> [TASK TO COMPLETE]: Any images in the records should be skipped; transcribe the rest exactly.

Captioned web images
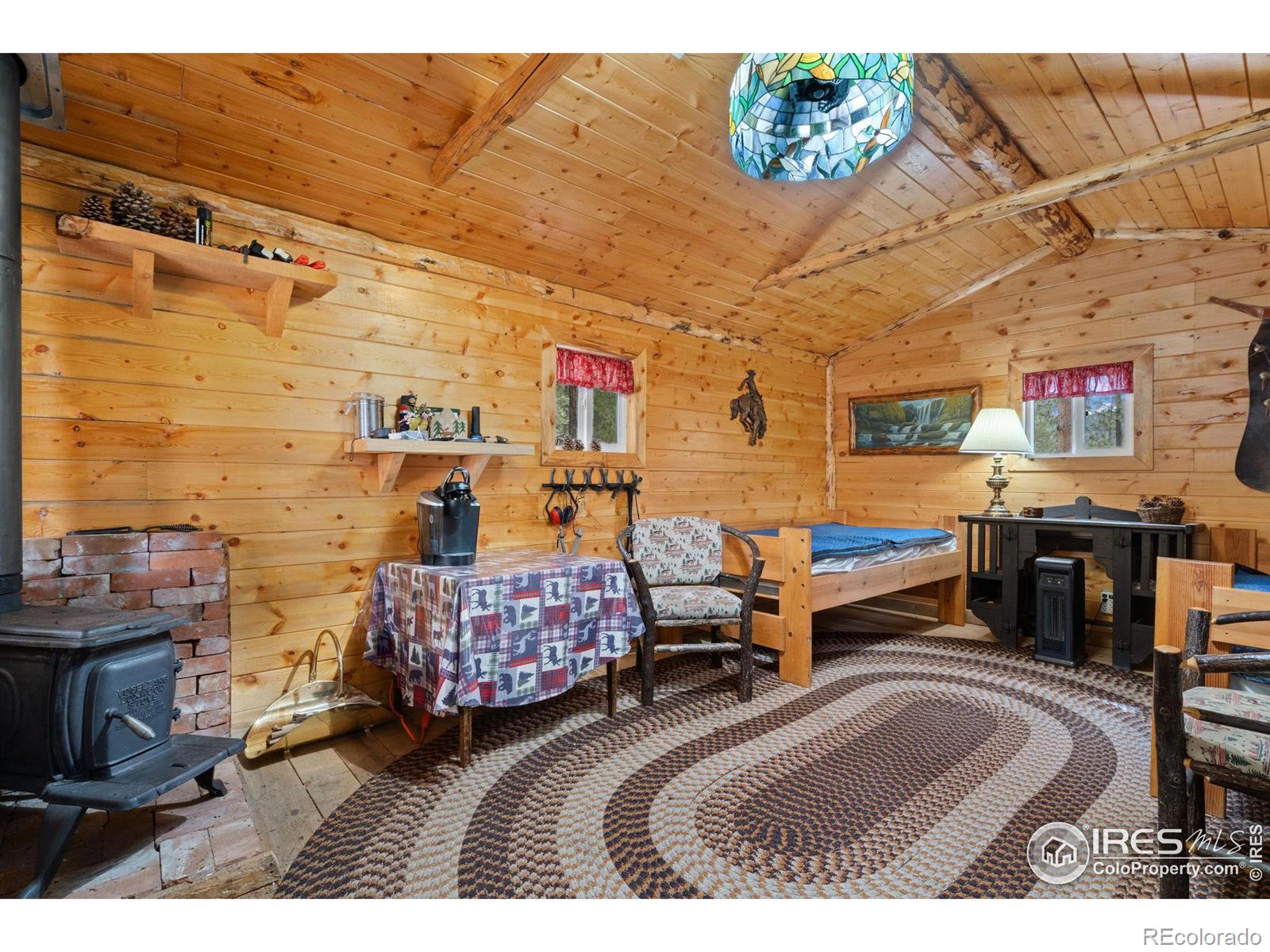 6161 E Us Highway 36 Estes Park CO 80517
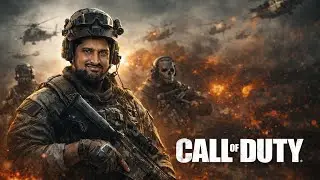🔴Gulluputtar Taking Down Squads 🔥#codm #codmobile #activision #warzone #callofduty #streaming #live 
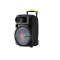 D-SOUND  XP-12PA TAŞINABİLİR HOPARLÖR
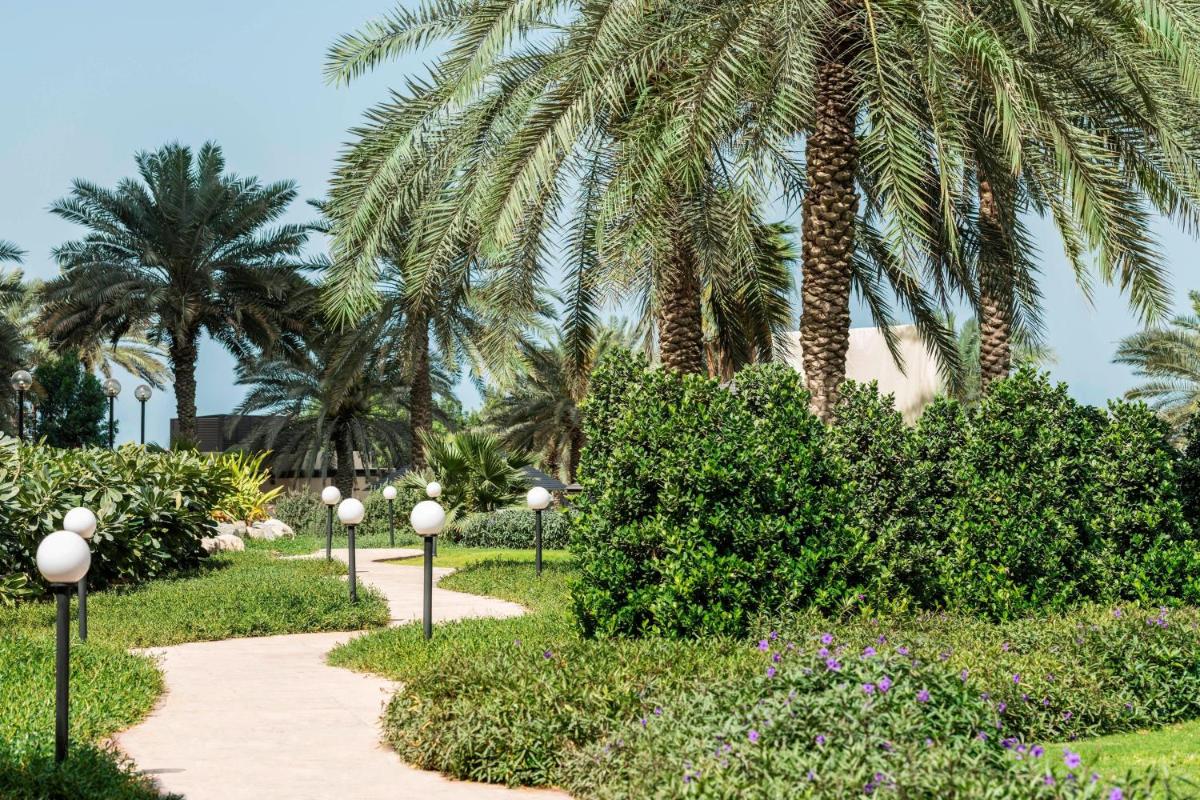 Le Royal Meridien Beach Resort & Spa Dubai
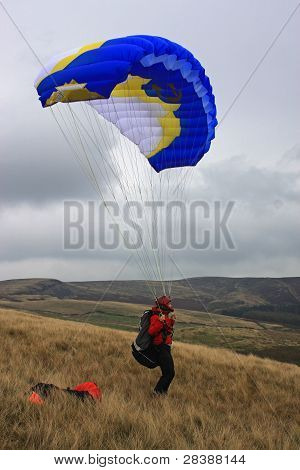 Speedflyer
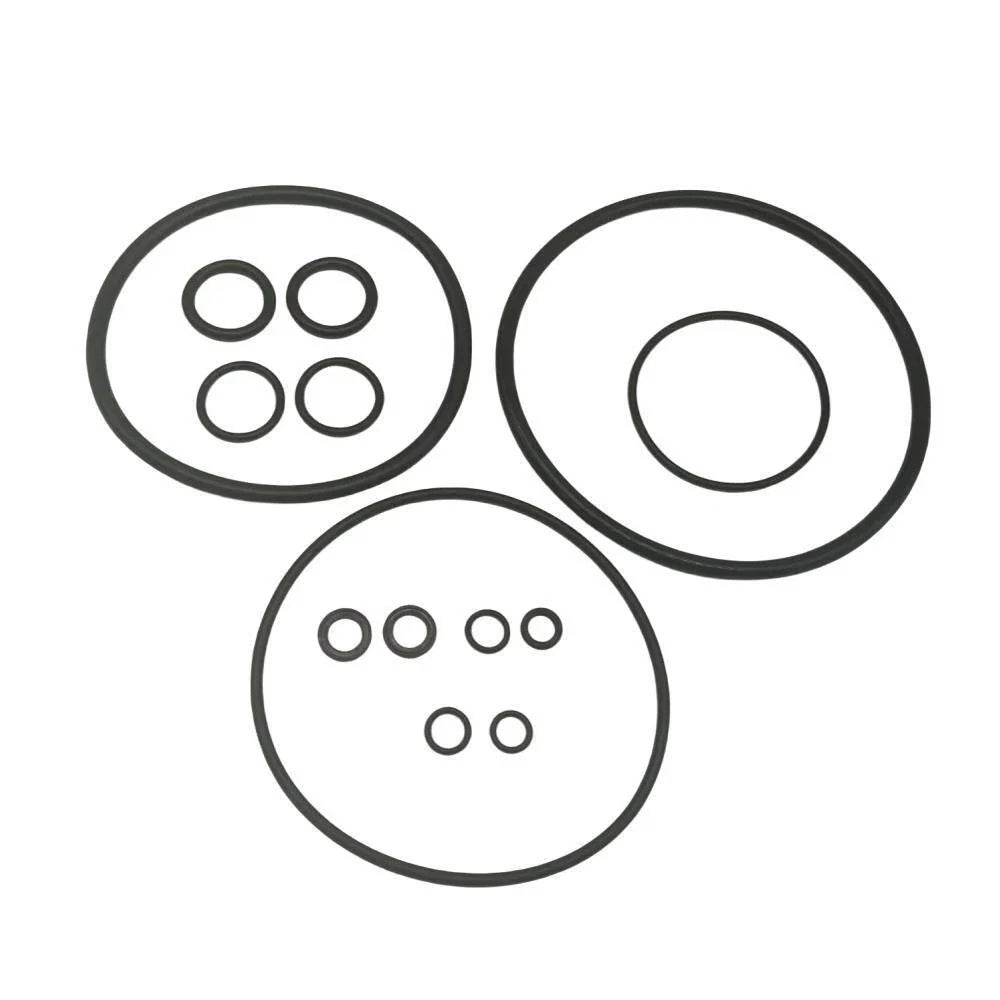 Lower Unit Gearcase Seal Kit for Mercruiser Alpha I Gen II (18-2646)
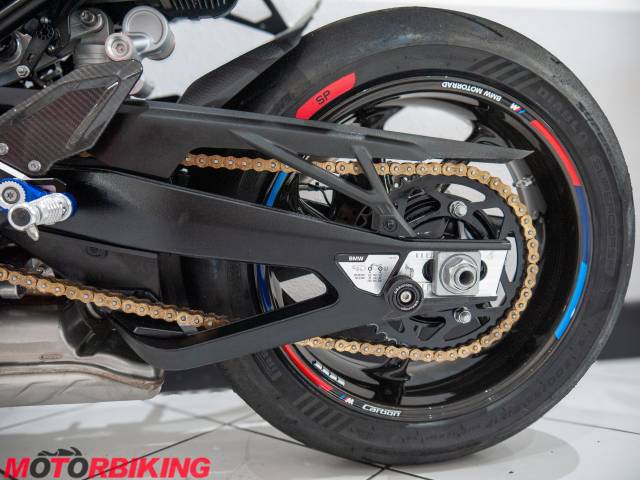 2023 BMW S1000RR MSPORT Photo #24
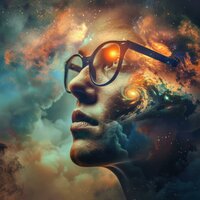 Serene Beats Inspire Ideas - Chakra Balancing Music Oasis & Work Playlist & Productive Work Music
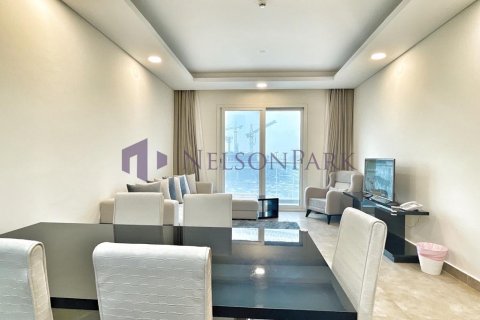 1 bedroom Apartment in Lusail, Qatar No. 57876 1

> [PROBLEM SOLUTION]:
 6161 E Us Highway 36 Estes Park CO 80517
🔴Gulluputtar Taking Down Squads 🔥#codm #codmobile #activision #warzone #callofduty #streaming #live 
 D-SOUND  XP-12PA TAŞINABİLİR HOPARLÖR
 Le Royal Meridien Beach Resort & Spa Dubai
 Speedflyer
 Lower Unit Gearcase Seal Kit for Mercruiser Alpha I Gen II (18-2646)
 2023 BMW S1000RR MSPORT Photo #24
 Serene Beats Inspire Ideas - Chakra Balancing Music Oasis & Work Playlist & Productive Work Music
 1 bedroom Apartment in Lusail, Qatar No. 57876 1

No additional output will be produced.